----- RECORDS PROVIDED -----
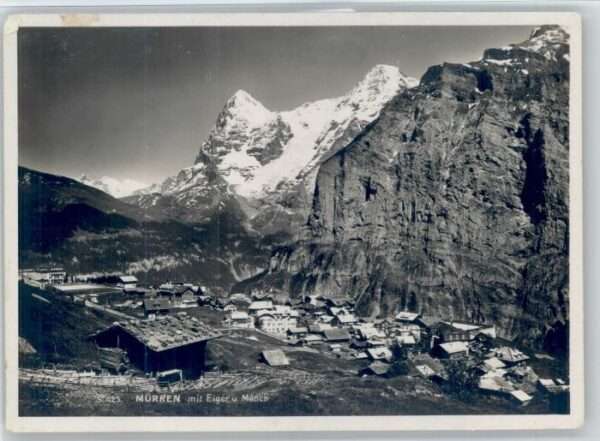 Muerren BE Mürren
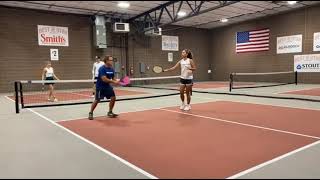 Landon Daly amp Mia Summerhays vs Matt Weaver amp Danielle Taufa [upl. by Maillliw]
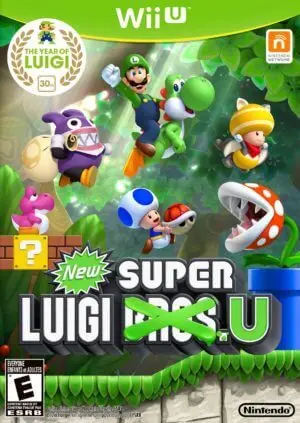 New Super Luigi U ROM box art
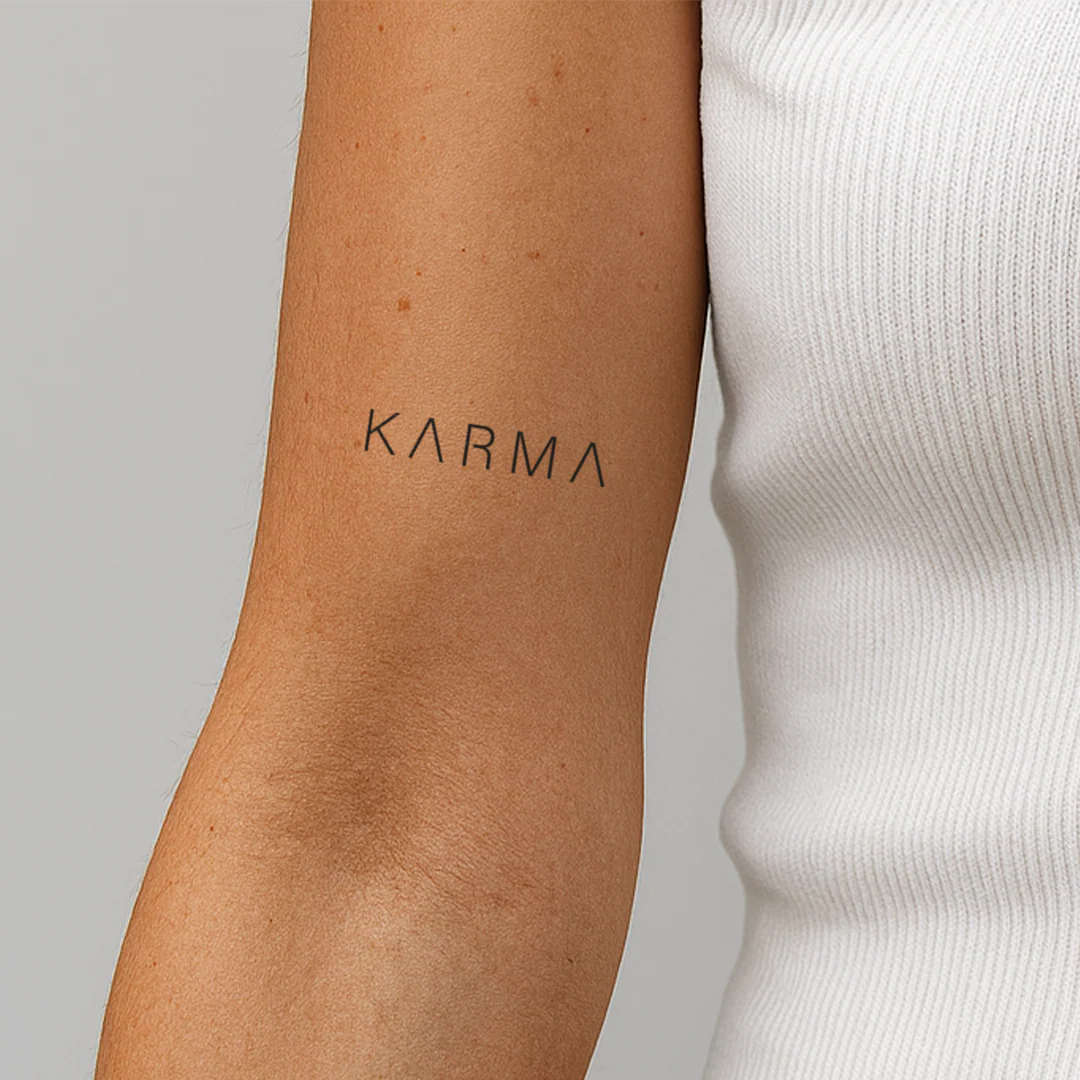 Tatouage Karma - Image 4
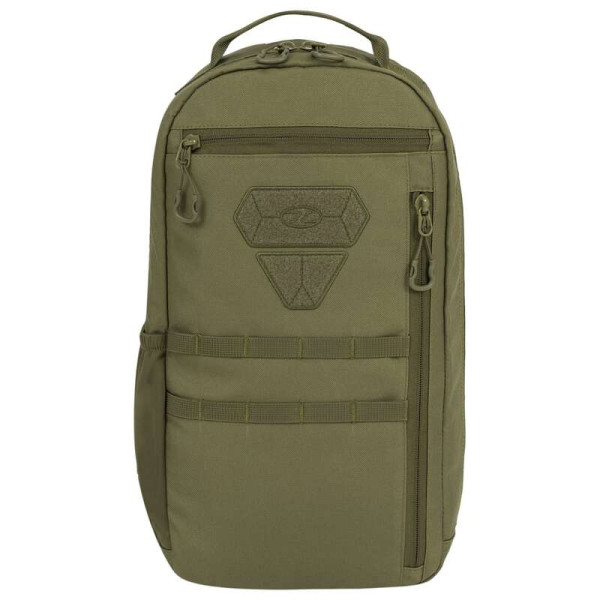 Тактичний рюкзак Highlander Scorpion Gearslinger 12 л оливковий (TT191-OG)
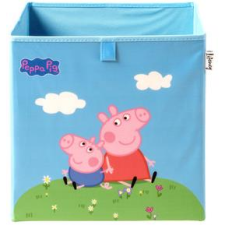 LIFENEY Tárolódoboz Peppa malac és Tom, 33×33×33 cm (833667) bútor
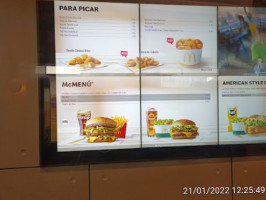 Mcdonald's food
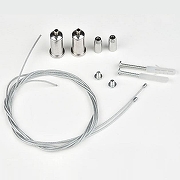 Трос для подвеса Uniel UFL-H02 UL-00002100 цвет Серебро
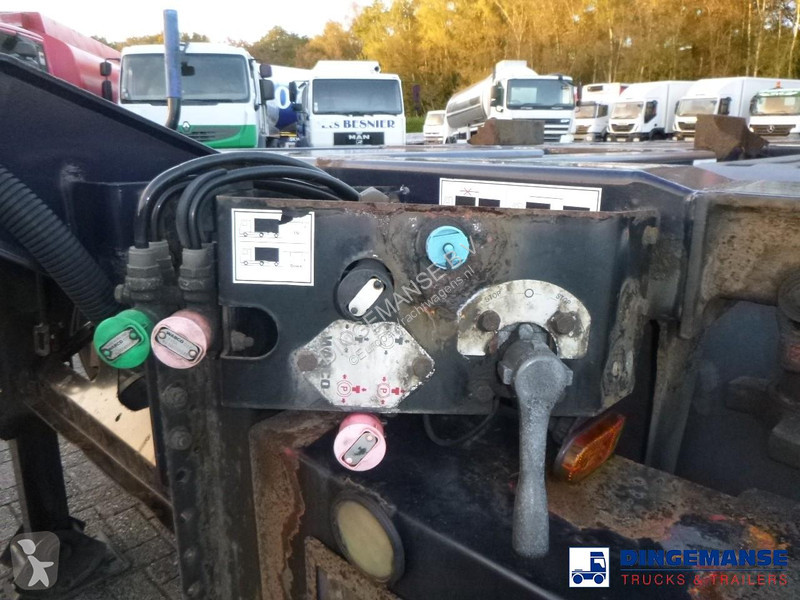Semiremorca D-TEC 4-axle container combi...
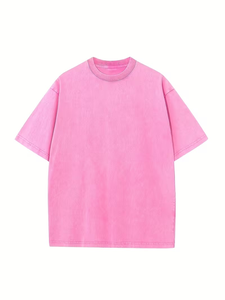New Arrival High Quality 100% Polyester Jersey Knitted Eco-Friendly Breathable Quick Dry O-Neck Regular Fit Short Sleeve Men's - Product Image 3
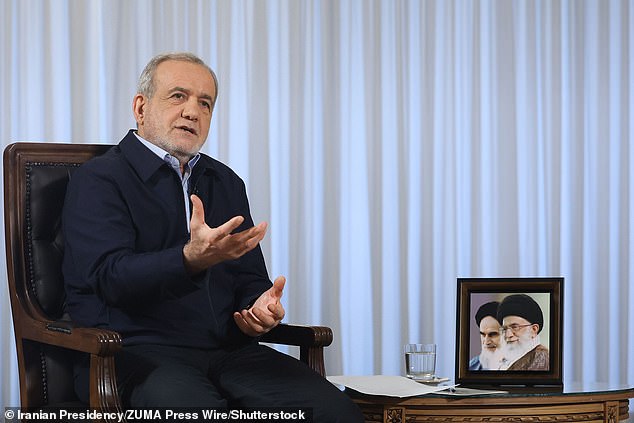 Trump Weighs Targeted Strikes as Iran Tensions Escalate, Military Buildup Underway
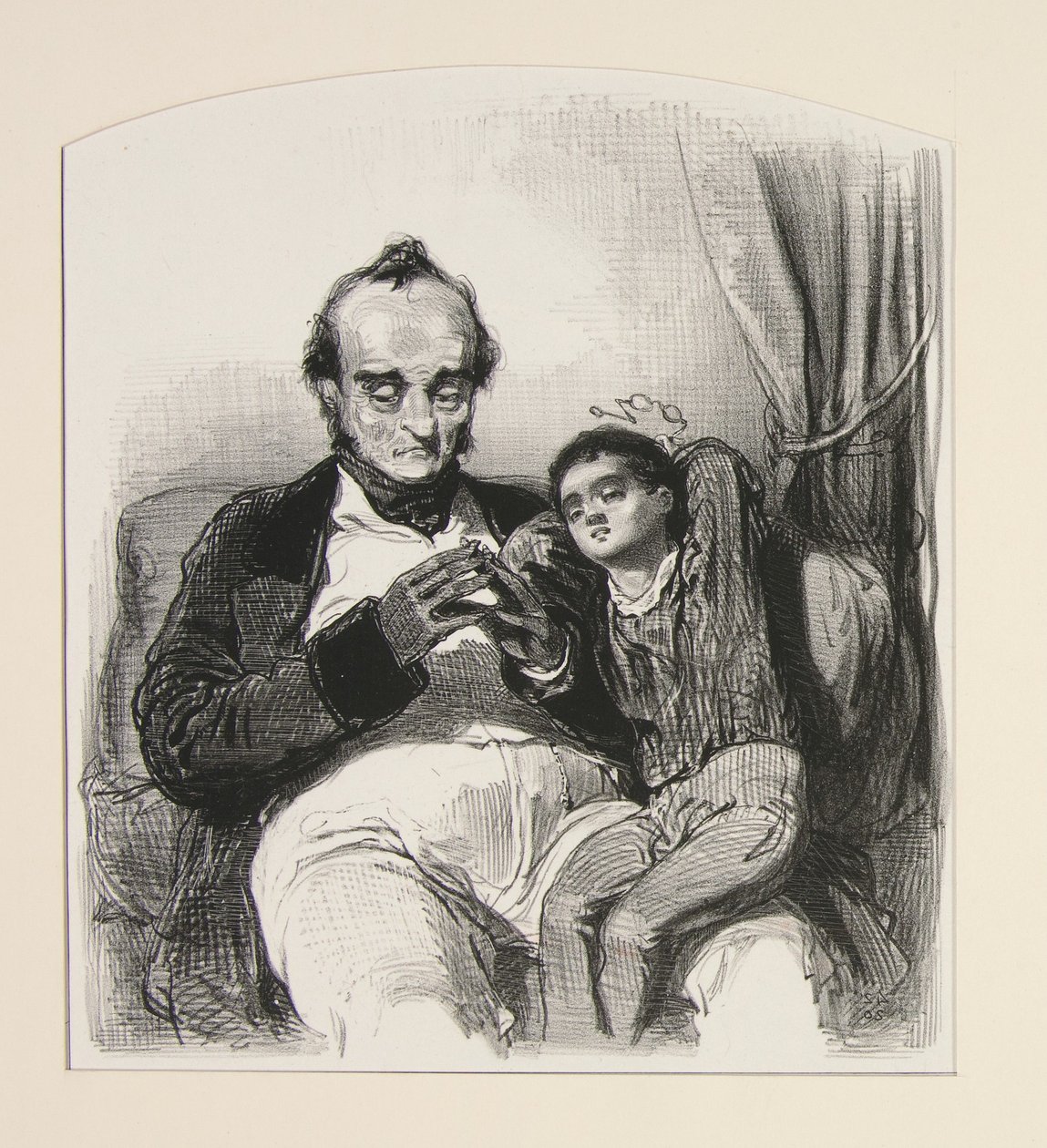 Les Enfants Terribles av Paul Gavarni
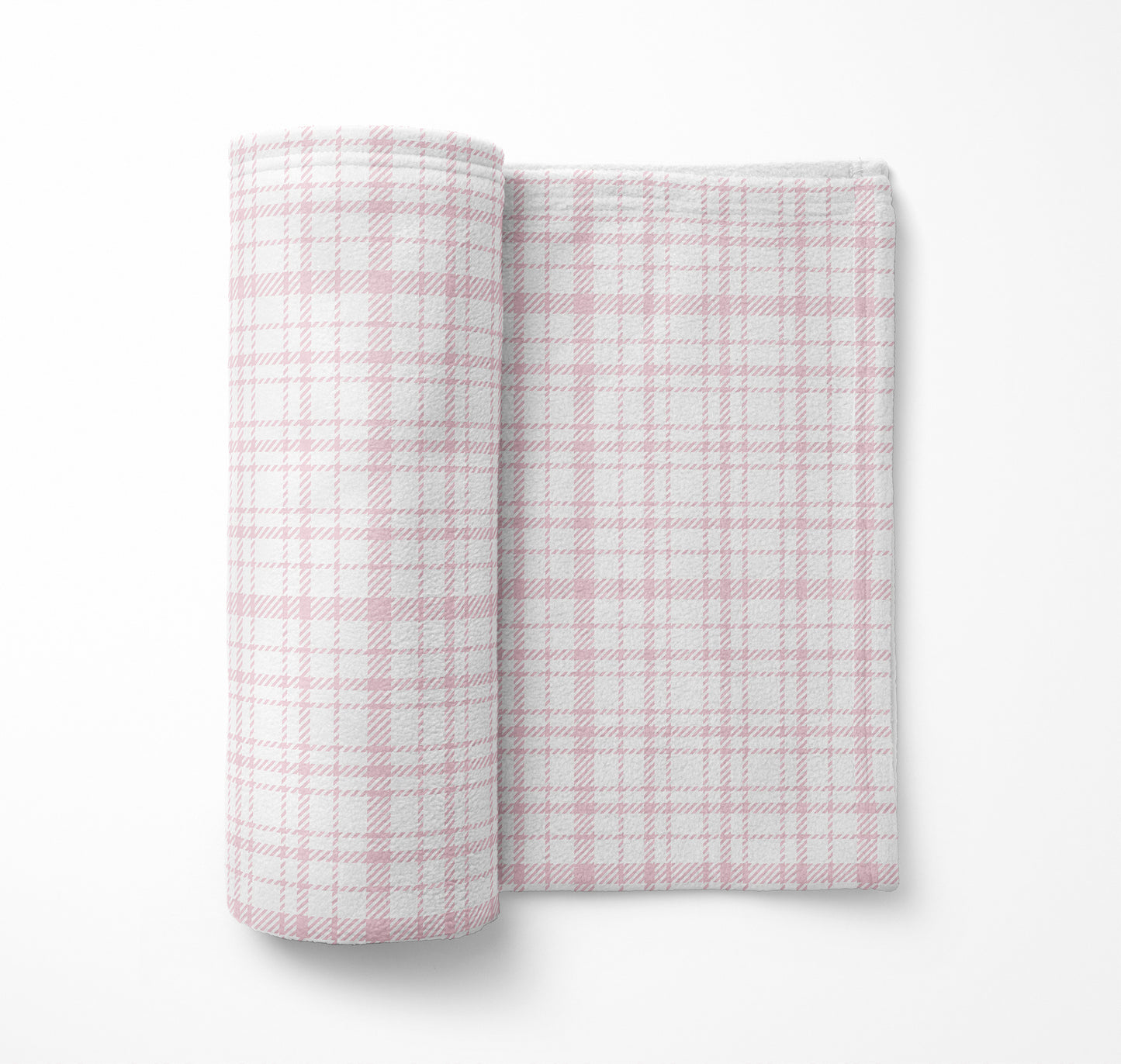 Liz Plaid Velveteen Fleece Blanket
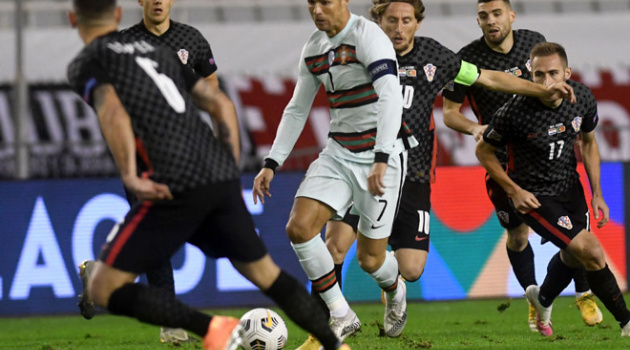 2 cú đúp và kịch bản điên rồ, trận Croatia - Bồ Đào Nha kết thúc quá hấp dẫn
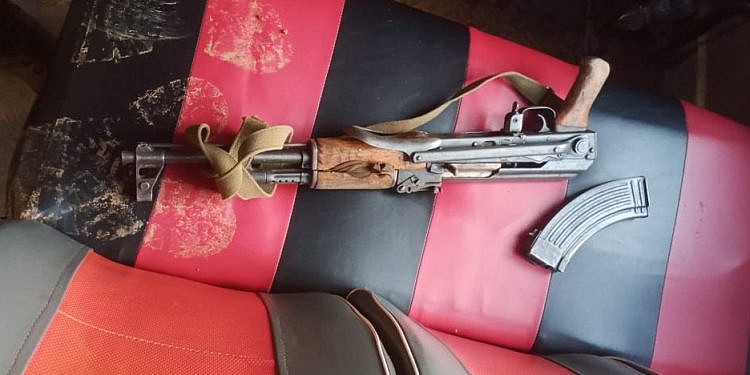 Police recover AK-47 rifle hidden in luggage at Tausi bus terminal in Kampala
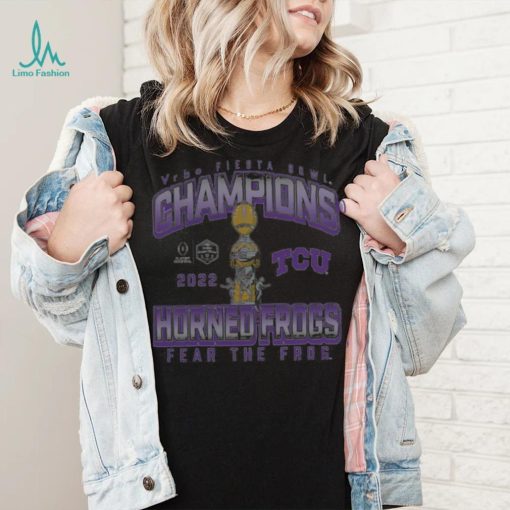 Tcu horned frogs Football playoff 2022 fiesta bowl champions hometown celebration shirt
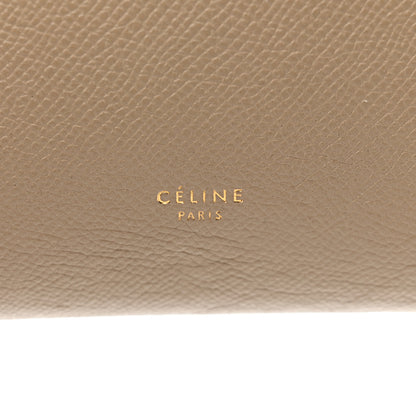 Celine Grained Calfskin Micro Belt Bag Light Taupe 6 of 13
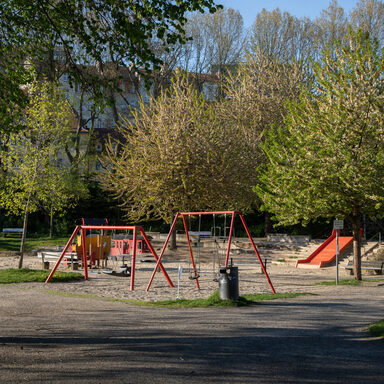 Spielplatz Goetheanlage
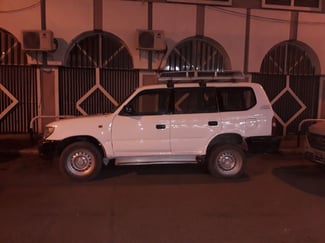 Toyota Land Cruiser Prado, diesel, boîte manuelle, très bon état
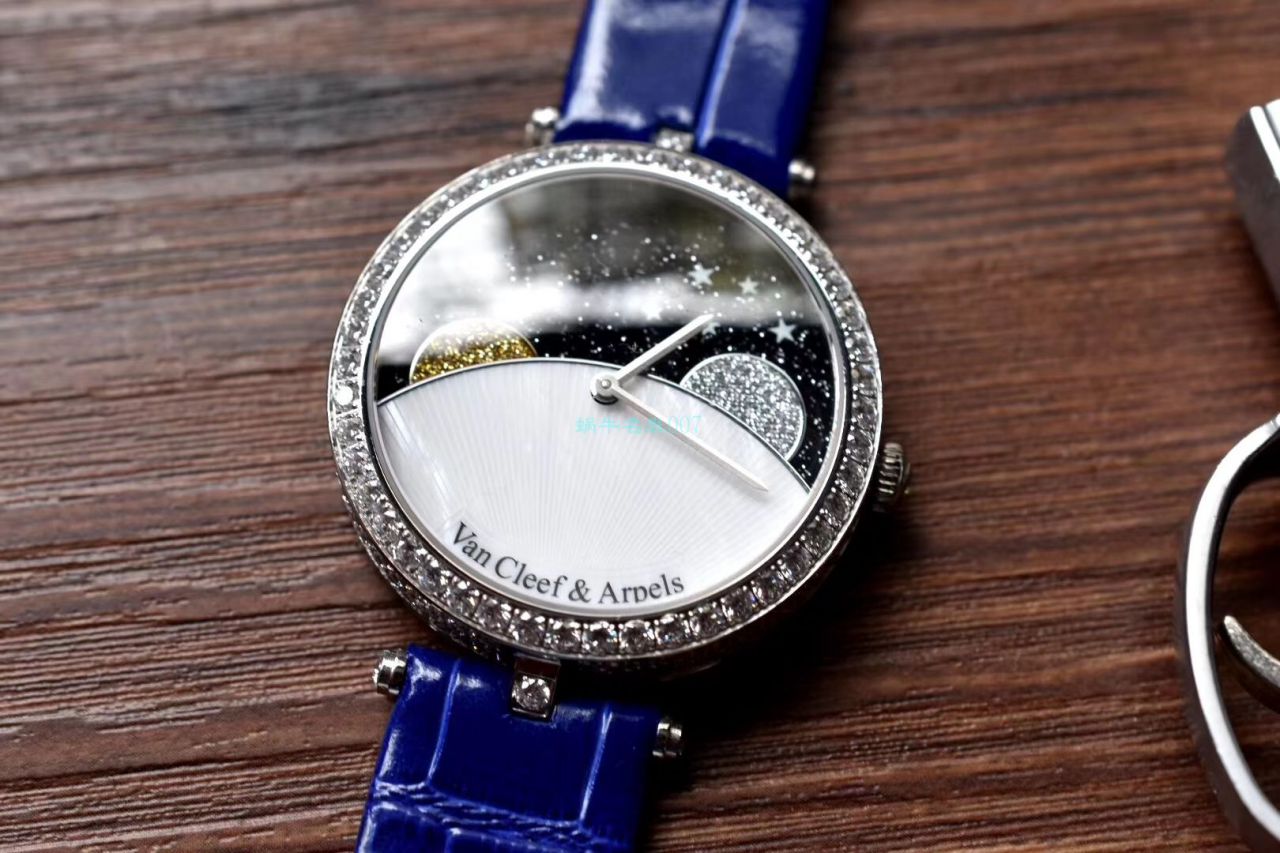 梵克雅宝 top 复刻高仿女装诗意复杂功能系列VCARN25800 wrist watch  / VCA09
-----
#### EXERCISE BRIEF:
All that is wanted is an exact copy of the lines from the line bearing "Toyota Land Cruiser" through the final line of the entries, including both ends but no pictures.

#### TASK SOLUTION:
 Toyota Land Cruiser Prado, diesel, boîte manuelle, très bon état
 梵克雅宝 top 复刻高仿女装诗意复杂功能系列VCARN25800 wrist watch  / VCA09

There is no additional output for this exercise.